EXERCISE DETAILS → Return the data below exactly, please, but drop the pictures.

INFORMATION SUPPLIED →
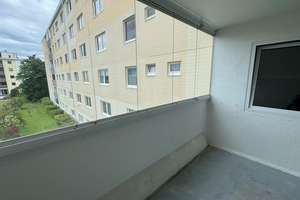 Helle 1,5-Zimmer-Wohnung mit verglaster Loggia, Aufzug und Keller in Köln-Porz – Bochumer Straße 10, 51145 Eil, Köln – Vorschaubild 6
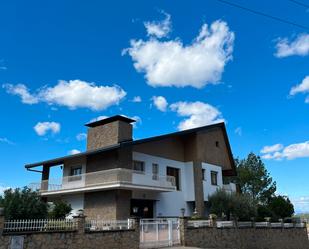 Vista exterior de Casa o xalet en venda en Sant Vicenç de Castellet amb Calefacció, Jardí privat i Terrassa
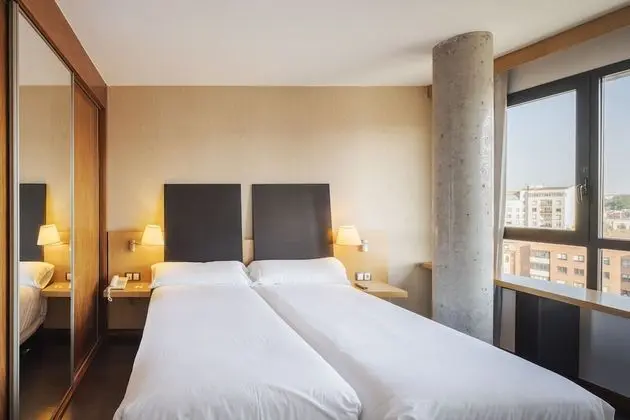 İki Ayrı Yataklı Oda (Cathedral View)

TASK SOLUTION →
 Helle 1,5-Zimmer-Wohnung mit verglaster Loggia, Aufzug und Keller in Köln-Porz – Bochumer Straße 10, 51145 Eil, Köln – Vorschaubild 6
 Vista exterior de Casa o xalet en venda en Sant Vicenç de Castellet amb Calefacció, Jardí privat i Terrassa
 İki Ayrı Yataklı Oda (Cathedral View)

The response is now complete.